Figure 2 shows the number of POIs over time from 2009 to 2020 by type of representation for two activity types of the travel demand model: shopping and private business. Whereas the number of shopping POIs has remained more or less the same since 2018, the number of private business POIs is still increasing. Further, the number of polygons remained constant over the past 6 years for both activity types. Assuming that larger and more important POIs are mapped as polygons, we conclude that only smaller and less important POIs are still being added. However, we conclude that in the status-quo of OSM data, POIs for private businesses are not fully included yet and those POIs, therefore, have to be reviewed manually, even if the most important POIs seem to be mapped. Further, we suggest applying this evaluation method on the POIs of every activity type.

Figure 2.

The number of points of interest (POIs) in OpenStreetMap for two different activity types in the region of Karlsruhe since 2009: (a) shopping; and (b) private business.

Travel Demand Model

To evaluate the quality of resulting attractiveness for the travel demand model, it is important to consider the relative differences, as described in the section, Application of Data. We, therefore, compare: the relative differences of attractiveness prepared in this study; the attractiveness of an existing travel demand model for the same region; and the visitor counting data of selected destinations (Table 4). The attractiveness of the existing model is comparable in activity types and represents the state as of 2008. As it is used in planning practice, we compare attractiveness although no clear information is given on its calculation and it represents an older time period. Visitor countings consist of a collection of newspaper articles, statistics, and announcements of respective POIs. We only compare within a category (e.g., water parks) even though all categories are calculated in visitors per 24 h. Relative differences are given in relation to the medium POI in relation to visitor counting.

Table 4.

Model Attractiveness of the OpenStreetMap Founded Model (Model 2020), the Existing Model (Model 2008), and Visitors of the Sights

Water Park	Trip destination	Model 2020	Model 2008	Visitors
	a-Rheinstrandbad	7,667 (297%)	1,000 (333%)	1,333 (115%)
	b-Freibad Rüppurr	2,736 (106%)	600 (200%)	1,076 (93%)
	c-Turmbergbad	2,580 (100%)	300 (100%)	1,161 (100%)
Library	Trip destination	Model 2020	Model 2008	Visitors
	a-Baden State Library	889 (100%)	NA	1,456 (100%)
	b-KIT main library	1,800 (202%)	NA	3,000 (206%)
	c-KIT physics library	167 (18%)	NA	250 (17%)
Museum	Trip destination	Model 2020	Model 2008	Visitors
	a-Natural History Museum	1,681 (132%)	4,080 (453%)	577 (62%)
	b-Center for Art and Media	2,146 (168%)	2,250 (250%)	1,000 (107%)
	c-Baden State Museum	1,276 (100%)	900 (100%)	934 (100%)

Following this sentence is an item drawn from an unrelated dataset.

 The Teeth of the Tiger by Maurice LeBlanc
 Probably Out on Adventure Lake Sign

Note: KIT = Karlsruhe Institute of Technology; NA = not available.

Looking at the relative differences of water parks, water parks “b” and “c” are within the same range in relation to visitor counting, even though they differ in absolute terms. Water park “a” represents the largest water park and therefore gets the biggest attractiveness, which can also be seen in the visitor counting. In relation to this, it does not fulfill its expectations as it is only a larger lawn which creates the difference in attractiveness. Further its location is less integrated into the city which compensates for the relative difference by resulting in fewer trip ends in the model. The model data of the existing model perform slightly worse than the modeled OSM attractiveness. The results for libraries best capture the reality. Relative differences only vary marginally. The libraries considered are located in the city center where their accessibility will have only a small influence on the resulting trip ends in the travel demand model, which explain the values obtained. This is only possible as all compared libraries contain information about the number of floors of the building. The modeled results of selected museums reveal a broader variation of attractiveness depending not only on the floor space of the buildings but also on the topic of the exhibition. Further, the data suggest a non-linear interrelation of floor space and visitors. Still, variation is lower when looking at the OSM attractiveness.

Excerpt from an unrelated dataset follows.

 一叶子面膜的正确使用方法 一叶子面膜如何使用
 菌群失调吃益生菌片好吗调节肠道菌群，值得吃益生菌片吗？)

In summary, modeled attractiveness and visitors statistics are only comparable to a certain extent. The former misses the influence of accessibility and the nearby population. Further, the approach misses information on special characteristics of POI leading to a higher variation in results. This is in line with the literature; de Gruyter ( 27 ) discovered an “extensive range of site contextual factors.” Nevertheless, the attractiveness generated copes well with those challenges and enables the integration of further site specific characteristics if more detailed attraction data are available. The calibration of input data is not common. However, as these input data are generated by our methodology, it would be appropriate to consider possible adjustments in the main calibration process.

Conclusion and Future Work

We developed an approach for calculating the attractiveness of traffic analysis zones for various activity types. The process is the same for all activity types and can, therefore, be transferred to other activity types. The only difference is the mapping of tags to activity types and the attraction rate per activity type and site category. Because of its nature, the methodology can also be used on single POIs, and this is planned in future research.

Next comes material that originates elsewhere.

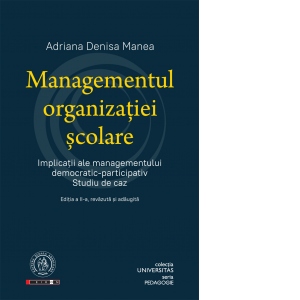 Managementul organizatiei scolare. Implicatii ale managementului democratic-participativ. Studiu de caz. Editia a II-a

However, the data must be of a certain quality to calculate reasonable measures of attractiveness. This can be an issue with, for example, multilevel buildings, as the number of floors is often missing. We, therefore, propose combining data from OSM with other data such as building models to complete the missing number of floors and other information. Another issue that arises with the available information per activity type is that, for different activity types, the number of available POIs varies considerably. While for shopping the amount is quite stable, for private business it is not. Despite these drawbacks, for some activity types, we found that OSM data are more complete and more up-to-date than official data sources. We recommend comparing and evaluating separately the trust in the OSM and official data for each activity type. We further recommend using the historical data as one kind of plausibility check. It quickly provides an impression of the quality of the data in relation to its stability or volatility over time.

As a result of the availability of OSM world wide, this approach can be widened both to other activity types and to other regions. We have applied this approach to build travel demand models in the United States and Europe. One model in Europe is situated in a cross-border region in south-west Germany. It spans districts from multiple countries and multiple states in one of the countries. The spatial transferability of the approach enabled us to build our model on the same database for all districts involved, no matter which country they belong to.

In this study, we applied the methodology manually by using the available tools such as Osmosis, JOSM, and ArcGIS. However, the structured format of OSM data allows further automation of the approach into a single processing chain. An automated process reveals the potential of a much faster estimation of attractiveness. Compared with manually gathered data from various sources, the data fusion can be dropped while the plausibility check can be done in the same manner for all regions of interest. As well as faster generation of models, automation further allows a much faster update of existing models. The same methodology can be applied various times for the same region using a newer OSM dataset. It even enables the user to build attractiveness measures for various years or months allowing the results to be analyzed along with the sensitivity of the model in the context of data changes over time.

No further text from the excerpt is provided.